Facebook Q&A: The network justifies the cost of its "like" adverts
- 13 July 2012
- From the section Technology
The BBC has learned that some marketers have questioned whether it is worth buying adverts on Facebook.
The concerns were prompted by evidence from one marketer that some accounts which had clicked on thousands of businesses "like" buttons had been registered to subscribers using false identities - something that Facebook's terms and conditions forbid.
An experiment carried out by the BBC found further evidence of the problem, and an executive at one of the UK's biggest companies added that it had had "very little return" on money spent on ads on the network.
The BBC put the issues raised by its investigation to a Facebook spokesman:
Is your audience really as big or as valuable as you claim?
Our global audience is more than 900 million monthly active users.
Advertisers find value when they make smart use of Facebook's advertising and marketing tools. Some of these are paid, others are free.
Like all advertising, the quality of the outcome depends on the thought and planning that is put into the campaign.
One great example is the retailer Asos. As a result of one campaign, they saw a 130% uplift in purchase behaviour on the Asos website in the four weeks following a recent ad campaign.
Small/medium sized businesses are also reaping the benefits. For example, Morphsuits is a fancy dress company set up in Edinburgh by three young entrepreneurs two years ago.
Co-founder Gregor Lawson now calls Facebook the lifeblood of the business - they share news and pictures, run competitions and organise meet-ups on the platform and see high levels of engagement from fans.
They've even used Facebook to recruit fans to manage their foreign language Facebook pages. Their business has grown from an initial investment of £3,000 to £4.4m and Gregor attributes much of this success to their innovative use of Facebook.
We've seen evidence that there are plenty of fake profiles being generated in parts of the world - or at least profiles that break your terms and conditions by not featuring real names. What are you doing to address this issue?
We've not seen evidence of a significant problem. Neither has it been raised by the many advertisers who are enjoying positive results from using Facebook.
All of these companies have access to Facebook's analytics which allow them to see the identities of people who have liked their pages, yet this has not been flagged as an issue.
A very small percentage of users do open accounts using pseudonyms but this is against our rules and we use automated systems as well as user reports to help us detect them and enforce our Statement of Rights and Responsibilities.
Among those accounts using assumed names, many still represent real people with genuine likes and interests and we believe it is best to educate them about Facebook's rules and the value of using their real identity.

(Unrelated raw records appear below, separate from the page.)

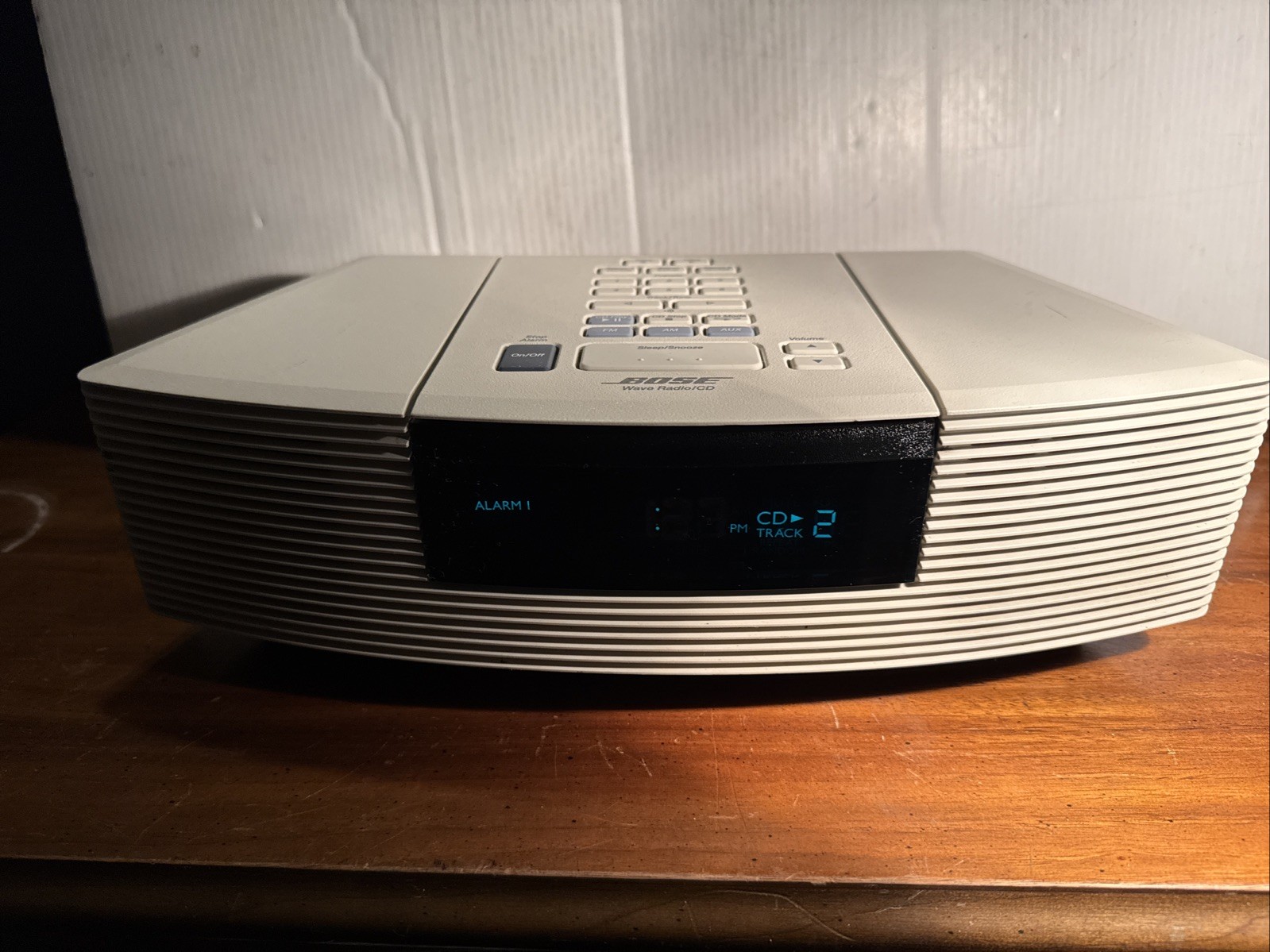 Bose Wave Radio CD Player  White NO Remote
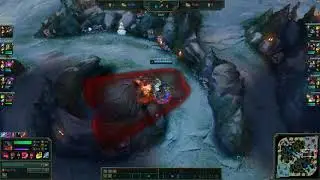Aatrox doesn't need a lane anymore // is it gold funneling? // league of legends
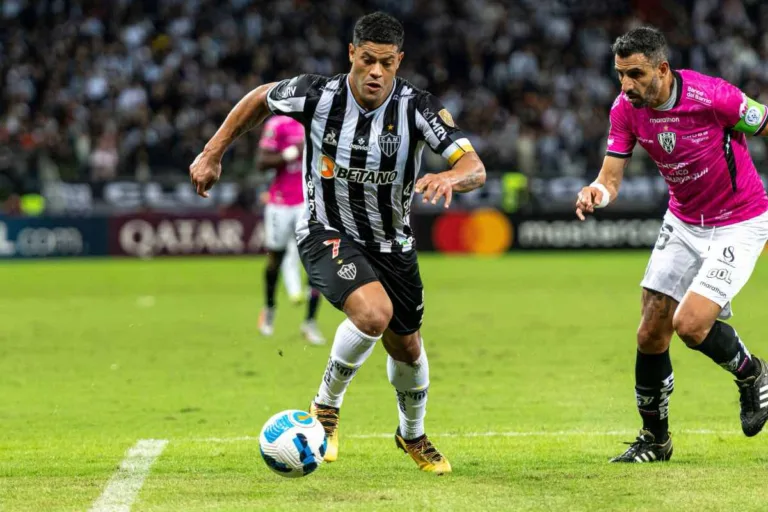 Conmebol divulga áudios do VAR e revela divergência em pênalti contra o Atlético-MG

By way of example: we are currently carrying out a campaign where we show messages to some people asking them to identify if selected account names are real or pseudonyms.
That information is used to improve the quality of our name detection algorithms so we can help those people bring their accounts back in line with our rules.
It seems that many of the "likes" on brands' pages - big companies and small - come from countries like Egypt and the Philippines, from people who "like" just about anything. That's good for Facebook - every click on an ad earns you money - but are advertisers getting a good deal?
This doesn't represent the experience of most advertisers on Facebook. The examples that you have mentioned are really unusual and seem to be the result of some bad advertising practice.
Looking at the test case you flagged - the person has, for some reason, taken a scatter-gun approach to distributing their ads, sending them to multiple countries with little or no demographer targeting.
In the real world, if you hand out flyers for a pizza restaurant in Birmingham to people in Beijing and Mexico City, then you're not going to get the customers you want. The same applies to online advertising.
With regard to your question about the number of Egyptian likes; Egypt was one of the countries targeted by this advertiser. Facebook ads are placed on the basis of competitive bidding.
Our systems balance a number of factors such as the size of the target audience in a country, the competitiveness of the market for ads at that time and levels of engagement with ads. Based on what the advertiser wants to pay - we optimise the delivery of the ads to get them the best return on their money.
It may have been in this case that sending a significant portion of the ads to Egypt worked out to be cost effective. Crucially - the advertiser said that they wanted to target users in Egypt.
However, we don't recommend that people advertise in such a broad way. It's not an effective method of using the system. The targeting tools are there for a reason, and they work.
Facebook offers the most targeted advertising of any medium.
If your business is selling alloy wheels in Manchester, then you can deliver your adverts to men aged 20-30 who live within 10 miles of the city and like Top Gear and Max Power.
That's how to make ads work for you.
If a situation develops where US and European users ignore ads while users in developing nations click randomly on them, isn't that damaging for Facebook's business model?
We don't see evidence of a "wave of likes" coming from fake users or "obsessive clickers".
With regard to the geographic origin of fans; interest in products tends to spread organically through friends and friends of friends. Often these connections will be international.
That type of fan acquisition doesn't cost companies any money.
Brands that choose to build affiliation with their pages through advertising can target which countries (and even towns) those ads reach.